Express & Star

Two city schools join academy trusts in education shake-up

Two Wolverhampton schools are taking on new academy statuses under Government plans to boost the quality of education in the region.

King's Church of England School on Regis Road

Ministers this week unveiled measures aimed at improving outcomes in schools in disadvantaged areas, including an expansion of the academies programme.

As part of the plans, Tettenhall Wood School will become an academy, while King's Church of England School will become a sponsored academy within the Stafford-based Three Spires Trust.

It came as the Government awarded Sandwell Council £2,918,000 and Walsall Council £2,776,000 to drive up standards after both areas were designated Priority Education Investment Areas.

Wolverhampton South West MP Stuart Anderson said: "Every child deserves a high quality education no matter where they grow up.

"Academies are at the heart of our ambition to drive sustained improvements in all schools and transform children’s educational outcomes for the better.

"They enable the strongest leaders to take responsibility for supporting more schools and ensure that children benefit from a strong, supportive family of schools that can deliver a broad and ambitious curriculum.
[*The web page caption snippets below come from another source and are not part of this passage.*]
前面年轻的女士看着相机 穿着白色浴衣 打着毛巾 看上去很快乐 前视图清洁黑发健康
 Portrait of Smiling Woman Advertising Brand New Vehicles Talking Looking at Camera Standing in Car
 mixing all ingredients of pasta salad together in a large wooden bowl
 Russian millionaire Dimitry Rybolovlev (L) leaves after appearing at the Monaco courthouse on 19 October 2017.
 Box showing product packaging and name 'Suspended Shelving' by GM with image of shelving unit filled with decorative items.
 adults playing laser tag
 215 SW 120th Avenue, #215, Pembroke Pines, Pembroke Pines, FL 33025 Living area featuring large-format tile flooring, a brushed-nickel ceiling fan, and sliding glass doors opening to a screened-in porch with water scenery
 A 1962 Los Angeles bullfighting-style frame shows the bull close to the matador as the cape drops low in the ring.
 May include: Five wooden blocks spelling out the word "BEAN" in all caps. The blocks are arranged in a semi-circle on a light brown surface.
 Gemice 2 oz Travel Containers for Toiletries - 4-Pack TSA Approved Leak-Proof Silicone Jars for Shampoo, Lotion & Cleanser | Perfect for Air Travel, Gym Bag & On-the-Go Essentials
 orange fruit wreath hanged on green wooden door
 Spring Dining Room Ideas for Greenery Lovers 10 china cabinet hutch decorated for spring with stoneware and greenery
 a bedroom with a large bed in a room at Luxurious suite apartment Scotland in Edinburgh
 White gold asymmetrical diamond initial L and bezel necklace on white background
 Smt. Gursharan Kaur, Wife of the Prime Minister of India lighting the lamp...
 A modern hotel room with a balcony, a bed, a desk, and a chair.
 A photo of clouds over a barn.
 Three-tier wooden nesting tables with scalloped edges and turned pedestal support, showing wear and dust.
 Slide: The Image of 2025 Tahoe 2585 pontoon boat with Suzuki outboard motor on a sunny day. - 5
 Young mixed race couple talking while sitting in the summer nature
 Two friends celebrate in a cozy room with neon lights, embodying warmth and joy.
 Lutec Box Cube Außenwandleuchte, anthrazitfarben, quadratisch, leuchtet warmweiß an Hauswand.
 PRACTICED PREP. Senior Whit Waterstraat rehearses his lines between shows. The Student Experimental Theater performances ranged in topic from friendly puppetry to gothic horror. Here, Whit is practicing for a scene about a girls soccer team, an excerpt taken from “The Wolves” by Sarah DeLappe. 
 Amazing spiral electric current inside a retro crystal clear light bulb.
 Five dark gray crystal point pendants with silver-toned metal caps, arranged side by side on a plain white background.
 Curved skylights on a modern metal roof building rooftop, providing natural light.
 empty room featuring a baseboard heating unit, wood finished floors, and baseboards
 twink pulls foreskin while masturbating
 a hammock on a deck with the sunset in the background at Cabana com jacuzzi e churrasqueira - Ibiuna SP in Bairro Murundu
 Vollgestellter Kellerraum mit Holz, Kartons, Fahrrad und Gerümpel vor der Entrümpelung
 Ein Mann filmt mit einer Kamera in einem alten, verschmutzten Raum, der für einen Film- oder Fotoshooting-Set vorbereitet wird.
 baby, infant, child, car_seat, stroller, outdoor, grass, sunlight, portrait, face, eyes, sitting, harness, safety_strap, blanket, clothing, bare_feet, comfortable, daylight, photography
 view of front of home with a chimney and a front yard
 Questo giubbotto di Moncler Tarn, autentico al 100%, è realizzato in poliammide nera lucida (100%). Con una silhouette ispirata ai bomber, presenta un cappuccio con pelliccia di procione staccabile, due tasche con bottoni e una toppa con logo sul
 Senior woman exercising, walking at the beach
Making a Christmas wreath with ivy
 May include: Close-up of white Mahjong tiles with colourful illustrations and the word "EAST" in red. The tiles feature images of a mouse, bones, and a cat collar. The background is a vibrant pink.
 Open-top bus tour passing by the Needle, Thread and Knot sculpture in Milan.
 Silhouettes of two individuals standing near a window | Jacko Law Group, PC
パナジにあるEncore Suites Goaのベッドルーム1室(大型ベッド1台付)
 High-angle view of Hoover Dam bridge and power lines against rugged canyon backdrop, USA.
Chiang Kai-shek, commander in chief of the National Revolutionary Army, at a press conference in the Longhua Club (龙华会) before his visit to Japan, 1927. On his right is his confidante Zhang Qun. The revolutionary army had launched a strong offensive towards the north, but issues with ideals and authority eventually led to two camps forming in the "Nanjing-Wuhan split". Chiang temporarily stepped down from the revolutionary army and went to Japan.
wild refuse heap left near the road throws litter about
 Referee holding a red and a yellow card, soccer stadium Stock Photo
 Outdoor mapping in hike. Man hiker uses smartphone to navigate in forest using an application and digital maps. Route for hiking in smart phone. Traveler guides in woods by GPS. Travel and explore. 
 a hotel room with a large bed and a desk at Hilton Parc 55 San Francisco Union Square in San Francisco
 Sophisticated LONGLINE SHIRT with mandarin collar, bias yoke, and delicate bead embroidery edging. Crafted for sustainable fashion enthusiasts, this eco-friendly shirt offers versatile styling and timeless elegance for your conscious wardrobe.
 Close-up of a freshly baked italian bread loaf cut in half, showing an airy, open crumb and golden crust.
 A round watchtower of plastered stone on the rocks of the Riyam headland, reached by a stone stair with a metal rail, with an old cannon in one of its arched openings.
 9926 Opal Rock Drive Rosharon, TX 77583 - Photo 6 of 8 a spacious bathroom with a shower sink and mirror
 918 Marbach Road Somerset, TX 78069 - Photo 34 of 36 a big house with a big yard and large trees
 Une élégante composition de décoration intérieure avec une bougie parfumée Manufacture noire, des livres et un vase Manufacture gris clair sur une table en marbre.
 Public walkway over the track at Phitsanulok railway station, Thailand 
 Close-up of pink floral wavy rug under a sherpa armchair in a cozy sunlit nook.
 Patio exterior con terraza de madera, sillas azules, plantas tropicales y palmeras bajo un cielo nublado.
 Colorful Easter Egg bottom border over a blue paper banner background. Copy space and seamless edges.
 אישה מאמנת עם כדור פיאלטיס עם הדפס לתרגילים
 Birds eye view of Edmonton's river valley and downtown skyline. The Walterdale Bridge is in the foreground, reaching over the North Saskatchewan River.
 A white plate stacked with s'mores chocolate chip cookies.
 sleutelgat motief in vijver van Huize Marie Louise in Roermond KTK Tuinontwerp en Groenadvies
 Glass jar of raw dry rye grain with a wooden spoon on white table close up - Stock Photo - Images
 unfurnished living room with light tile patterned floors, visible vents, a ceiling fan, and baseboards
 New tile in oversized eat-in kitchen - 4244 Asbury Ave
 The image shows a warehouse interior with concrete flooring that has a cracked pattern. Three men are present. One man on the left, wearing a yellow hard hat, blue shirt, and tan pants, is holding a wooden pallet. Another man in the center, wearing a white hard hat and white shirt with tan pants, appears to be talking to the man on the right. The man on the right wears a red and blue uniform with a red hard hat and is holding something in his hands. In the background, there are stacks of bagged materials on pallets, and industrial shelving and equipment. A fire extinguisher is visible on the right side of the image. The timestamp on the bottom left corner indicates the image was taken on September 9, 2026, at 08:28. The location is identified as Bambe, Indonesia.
"That’s why I am delighted that Wolverhampton King's Church of England and Tettenhall Wood School will both benefit from this. I look forward to continuing to work with them both as they benefit from the new status."

Tettenhall Wood School, which is on Regis Road, applied for academy status last year after unveiling plans to enter into a partnership with Amethyst Academies Trust, which already has Aldersley High School, Moreton School and Penn Hall School on its books.

King's, also on Regis Road, will be the second city school to be taken over by Three Spires Trust, which is also home to St Peter’s Collegiate Academy.

Ministers say that academisation has helped to boost outcomes in schools across the country.